Posted in: Bridges, Environmental, Transportation

Transportation engineers and planners are committed to creating non-motorized travel options. Sidewalks and greenways are great alternatives for pedestrians if available and convenient, especially children walking to school.

As a parent and planner, I wanted to see my community use its transportation infrastructure, reduce traffic congestion around schools and take advantage of the built environment. I decided it was time to “walk the walk.”

Six years ago, I helped organize a “walking school bus” within the Town of Cornelius with the other parents in my community. The route begins at a remote drop-off park which also serves as a transit park and ride lot. Together, we lead a group of students on a half-mile walk from this park to Cornelius Elementary School each month. “Walk on Wednesday” is a success. Not only do we get to interact as a community, but we set a positive example for our kids and reinforce healthy habits like walking and exercising. Most of todays’ parents walked to school when they were growing up.

The walking school bus program was created by the National Center for Safe Routes to School. Having parents accompany children on their walk to school has multiple benefits. It encourages children to be physically active, and allowing parents to guide children across roadways helps lower accidents involving pedestrians.

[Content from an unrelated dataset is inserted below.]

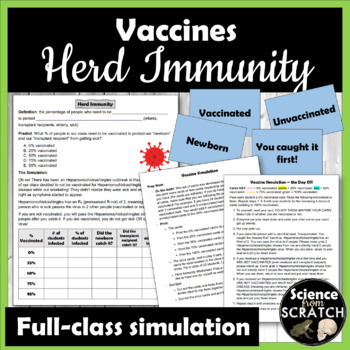Preview of Vaccine Simulation - How many people need a vaccine to achieve herd immunity?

Once we put pedestrian-friendly infrastructure in place, transportation engineers should lead the way for the public to adopt these new accommodations. The walking school bus program is a great way to start making a difference in your community.

Lou Raymond

About the Author

Lou Raymond, P.E., AICP, is a transportation engineer and environmental planner with over 20 years of experience in the transportation industry. He is familiar with interagency reviews and agency coordination processes for transportation projects across the Southeast, having been involved in over 20 environmental planning projects over the course of his career.